Holiness is built on a continuous friendship with God. That’s why saints are most known for their intense prayer life. They have come to know the One whom they desire to resemble most. Dom Chautard, a Trappist monk, once said that in order to sanctify the world, we must first sanctify ourselves. According to him, this begins with personal prayer.

I certainly don’t know everything when it comes to prayer – and I know very little about what it means to be a saint! But I wanted to share with you what’s helped me when it came to personal prayer time.

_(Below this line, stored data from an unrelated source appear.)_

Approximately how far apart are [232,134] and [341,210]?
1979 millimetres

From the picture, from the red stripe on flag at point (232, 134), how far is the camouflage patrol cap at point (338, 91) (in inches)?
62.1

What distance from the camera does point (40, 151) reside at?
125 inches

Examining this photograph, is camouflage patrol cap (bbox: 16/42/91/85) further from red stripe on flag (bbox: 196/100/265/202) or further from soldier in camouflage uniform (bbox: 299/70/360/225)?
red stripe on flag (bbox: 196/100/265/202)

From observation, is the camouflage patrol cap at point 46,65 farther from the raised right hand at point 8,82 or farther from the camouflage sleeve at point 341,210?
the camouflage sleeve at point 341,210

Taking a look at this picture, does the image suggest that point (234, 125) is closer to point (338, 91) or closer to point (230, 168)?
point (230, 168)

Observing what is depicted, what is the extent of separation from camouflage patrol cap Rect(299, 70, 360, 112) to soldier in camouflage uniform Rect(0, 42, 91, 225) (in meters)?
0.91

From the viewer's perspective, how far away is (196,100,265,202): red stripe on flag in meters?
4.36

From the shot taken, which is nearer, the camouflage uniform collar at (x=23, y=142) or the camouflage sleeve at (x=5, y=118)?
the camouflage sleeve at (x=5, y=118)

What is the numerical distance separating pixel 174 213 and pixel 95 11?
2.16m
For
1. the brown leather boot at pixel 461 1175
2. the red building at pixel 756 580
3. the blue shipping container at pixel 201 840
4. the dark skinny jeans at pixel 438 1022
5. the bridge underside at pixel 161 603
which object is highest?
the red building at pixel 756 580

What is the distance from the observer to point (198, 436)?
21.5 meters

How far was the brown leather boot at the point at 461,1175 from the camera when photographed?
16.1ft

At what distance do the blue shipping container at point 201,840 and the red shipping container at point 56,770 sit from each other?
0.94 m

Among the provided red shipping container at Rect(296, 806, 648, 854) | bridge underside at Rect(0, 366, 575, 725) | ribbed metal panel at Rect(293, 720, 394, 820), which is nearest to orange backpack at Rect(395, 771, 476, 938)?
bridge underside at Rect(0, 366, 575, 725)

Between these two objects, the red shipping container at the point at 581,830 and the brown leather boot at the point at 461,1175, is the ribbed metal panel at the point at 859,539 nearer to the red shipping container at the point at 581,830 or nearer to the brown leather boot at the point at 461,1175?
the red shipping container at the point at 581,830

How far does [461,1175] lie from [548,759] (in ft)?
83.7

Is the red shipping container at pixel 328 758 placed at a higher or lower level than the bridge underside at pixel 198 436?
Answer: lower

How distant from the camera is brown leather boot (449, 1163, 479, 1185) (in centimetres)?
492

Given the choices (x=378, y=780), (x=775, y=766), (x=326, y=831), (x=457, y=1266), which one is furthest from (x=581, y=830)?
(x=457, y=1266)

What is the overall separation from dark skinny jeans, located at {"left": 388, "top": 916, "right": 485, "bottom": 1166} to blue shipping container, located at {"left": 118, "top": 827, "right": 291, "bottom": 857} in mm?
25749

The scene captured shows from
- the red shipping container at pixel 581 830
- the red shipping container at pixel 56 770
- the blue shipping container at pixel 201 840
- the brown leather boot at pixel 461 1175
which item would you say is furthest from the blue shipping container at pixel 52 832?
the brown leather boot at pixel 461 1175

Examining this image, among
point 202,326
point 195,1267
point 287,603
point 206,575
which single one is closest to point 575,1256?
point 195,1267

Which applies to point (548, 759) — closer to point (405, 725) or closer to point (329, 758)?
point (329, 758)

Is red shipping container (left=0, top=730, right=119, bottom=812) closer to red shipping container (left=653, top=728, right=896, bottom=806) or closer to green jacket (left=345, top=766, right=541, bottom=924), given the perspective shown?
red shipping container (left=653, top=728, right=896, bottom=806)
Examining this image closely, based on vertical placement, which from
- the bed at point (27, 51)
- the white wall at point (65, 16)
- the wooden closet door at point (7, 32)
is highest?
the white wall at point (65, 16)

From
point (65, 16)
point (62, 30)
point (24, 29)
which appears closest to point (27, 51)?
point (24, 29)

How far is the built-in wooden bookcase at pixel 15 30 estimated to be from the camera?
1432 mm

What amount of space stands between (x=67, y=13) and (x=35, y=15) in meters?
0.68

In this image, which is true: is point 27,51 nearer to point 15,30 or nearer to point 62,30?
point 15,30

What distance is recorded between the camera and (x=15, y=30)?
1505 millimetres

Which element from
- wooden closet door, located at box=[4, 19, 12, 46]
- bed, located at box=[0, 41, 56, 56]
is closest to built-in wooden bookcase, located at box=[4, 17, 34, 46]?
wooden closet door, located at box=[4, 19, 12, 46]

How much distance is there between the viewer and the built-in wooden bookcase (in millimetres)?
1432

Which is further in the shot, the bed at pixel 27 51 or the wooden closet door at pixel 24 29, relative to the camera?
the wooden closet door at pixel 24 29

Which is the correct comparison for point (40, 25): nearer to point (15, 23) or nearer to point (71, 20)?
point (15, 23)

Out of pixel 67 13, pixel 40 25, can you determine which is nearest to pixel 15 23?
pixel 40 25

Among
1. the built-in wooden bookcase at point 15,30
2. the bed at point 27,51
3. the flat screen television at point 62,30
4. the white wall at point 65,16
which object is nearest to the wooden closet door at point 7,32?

This blog is really just the fruit of many conversations with friends or friendly priests, since we all desire to draw closer to Christ and we have all been met, one day or another, with challenges in prayer.

Desire prayer

This probably seems self-explanatory. In order to take time to pray, you sort of have to want it. There must first be a desire to stop what we’re doing, speak to God and listen to Him. The practice is simple and yet it is often the first thing we remove from our busy schedules (mea culpa!) There’s a reason why in the Catechism of the Catholic Church, we are told that prayer is a “battle”. In order to win that battle, we can turn to the Holy Spirit for he “helps us in our weakness” (Romans 8:26). We can therefore ask him to give us the desire to pray even before we begin to pray.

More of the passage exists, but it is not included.